Faute de chanter, la Maserati enchante par ses performances, sa force tranquille et la confiance qu’elle inspire. Avec 59 % du poids sur l’arrière, des voies extra-larges et des baskets sur mesure signées Bridgestone, la motricité n’est mise en défaut que si on le désire puissamment. Même chose en matière d’équilibre. Combinée au plus grand empattement de la catégorie (2,70 m), la très élaborée suspension à triangles superposés (dite semi-virtuelle) assure une stabilité remarquable même lorsqu’on rentre (trop) fort dans un virage qui se referme.
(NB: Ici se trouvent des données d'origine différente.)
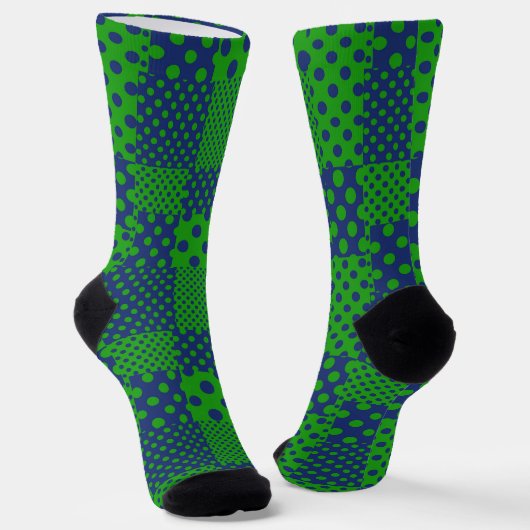 Blue Green Polka Dots Patchwork  ソックス (傾斜あり)
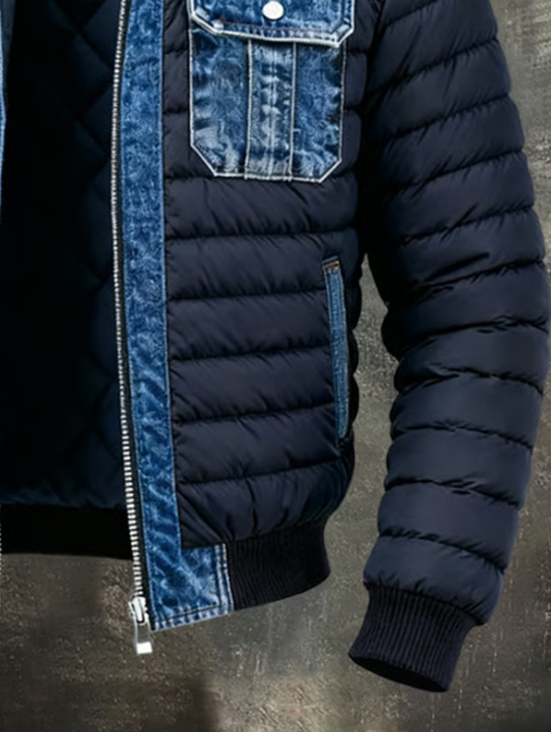 Vadderad jeansjacka för herr med stående krage och dragkedja framtill, blå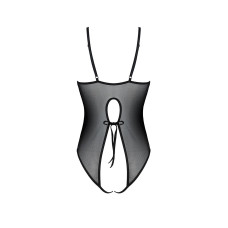 Боді з ажурним декором та відкритим кроком Passion URSULA BODY L/XL, black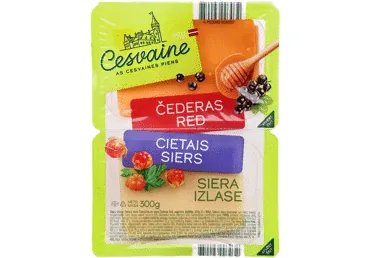 SIERA IZLASE ČEDERAS SIERS UN CIETAIS SIERS ŠĶĒLĪTES CESVAINES PIENS 2X150G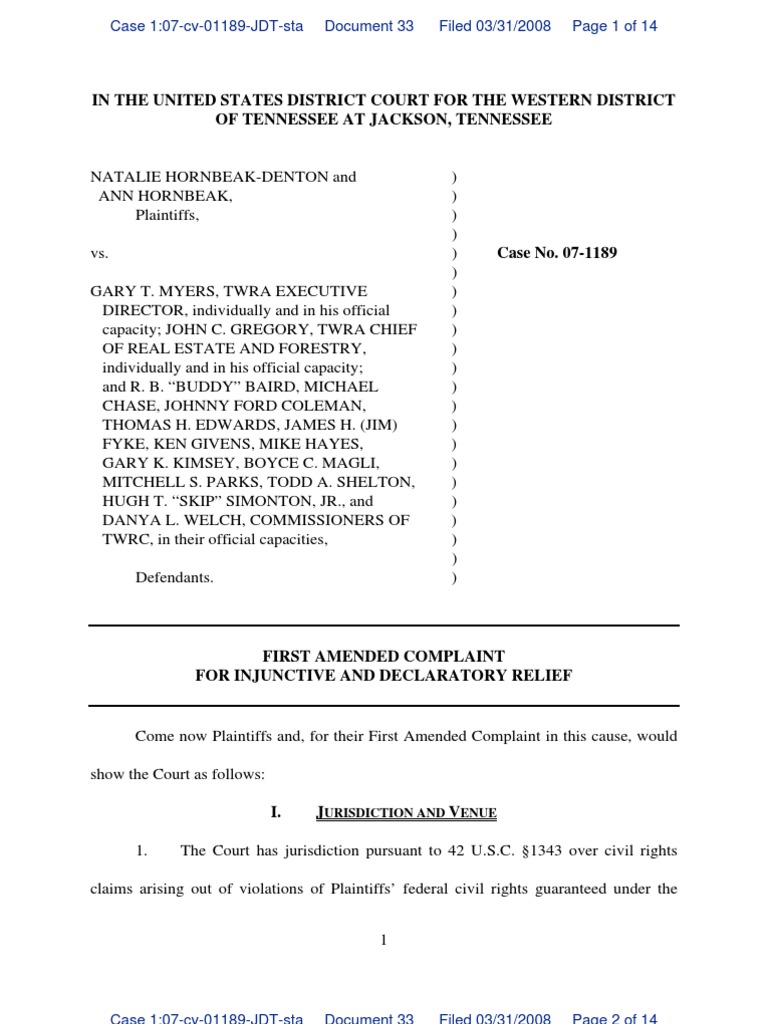 Reelfoot Lake Lawsuit - First Amended Complaint Vs State of Tennessee ...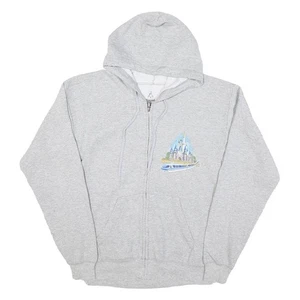 DISNEY Mens Grey Walt Disney World Zip Up Hoodie S Cotton Blend - Picture 1 of 6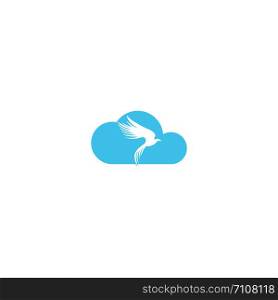 Falcon cloud vector logo design. Abstract eagle and cloud logo design.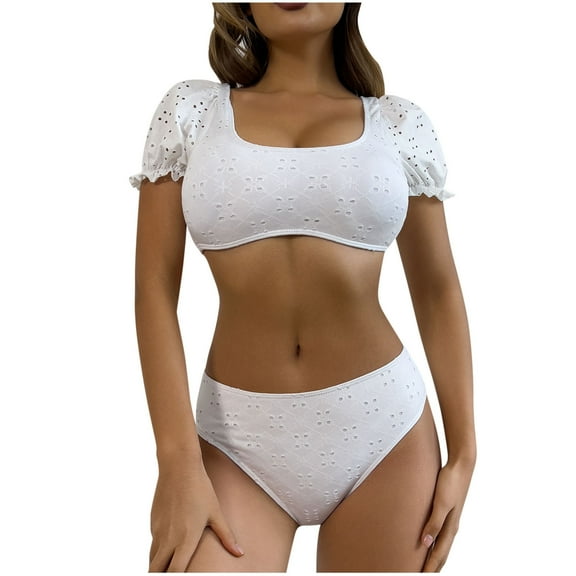 Besolor Women's High Waisted Bikinis Sets Two Piece Square Neck Ruffle Short Sleeve Swimwear Bathing Suit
Ni réaction parasite ni piège, la berlinette sous-vire d’abord gentiment pour calmer le jeu avant d’enrouler sans faire de zèle.
L’ambitieuse Maserati a le trident qui raye le parquet mais ne dynamite pas la catégorie
Un peu de zèle ne fait pourtant pas de mal, surtout quand c’est bien fait. Je pense à la magie que dégagent ces Ferrari modernes aussi sauvages que simples à apprivoiser. La MC20 ne dispose pas encore d’une telle maîtrise de l’électronique au service des acrobates du dimanche mais elle a le mérite de rester prévenante, précise et équilibrée à des limites que nous avons pu tutoyer sur l’Autodomo di Modena. Quatre tours de ce tracé sinueux confirment la tendance sous-vireuse entraperçue sur la route. Rien de bien méchant. Il suffit de garder tard les freins et prendre l’accélérateur tôt pour rendre la poupe active et lâcher la grosse cavalerie. Au tour du différentiel piloté (2 400 €) de gérer la montagne de couple disponible dès 3 000 tr/mn.
Sacrée catapulte
La boîte double embrayage à huit rapports se montre rapide et efficace, mais pas au niveau de ce que l’on trouve chez Porsche, Ferrari ou McLaren. Fait amusant, cette transmission fournie par Tremec équipe également la Corvette C8. Même si le mode launch control assure un décollage éclair, les performances stratosphériques annoncées semblent difficiles à réaliser… 2”88 de 0 à 100 km/h, c’est deux centièmes de mieux qu’une F8 Tributo de 720 ch ! Qu’elle soit ou non capable d’un tel exploit, la MC20 reste une sacrée catapulte puissamment stoppée par des freins carbone céramique (option à 12 000 €) dans lesquels il ne faut pas hésiter à taper fort.
Un circuit de plus grande envergure serait nécessaire pour apprécier le fruit des 2 000 heures passées dans la soufflerie de Dallara. Afin de préserver la pureté de la ligne et le coefficient de pénétration dans l’air, Maserati a tout misé sur le dessin du fond plat, du diffuseur et des bas de caisse pour créer de l’appui. Et ça marche, avec 100 kg générés à 200 km/h. C’est autant qu’une McLaren 600 LT à 250 km/h et plus que la précédente 911 GT3.
Pour quel résultat chrono en main ? C’est ce qu’il nous tarde de voir sur nos bases de mesures. Avec un prix de base de 220 000 € à sa sortie en 2021 (et plus de 321 000 € pour notre modèle d’essai !!!), la MC20 n’a pas vraiment le droit à l’erreur. Rien qu’en cochant l’option freins carbone-céramique, en série chez les concurrentes, elle dépasse le prix d’une 911 Turbo S, d’une Huracán EVO RWD, d’une McLaren GT et atteint celui d’une Ferrari F8 Tributo.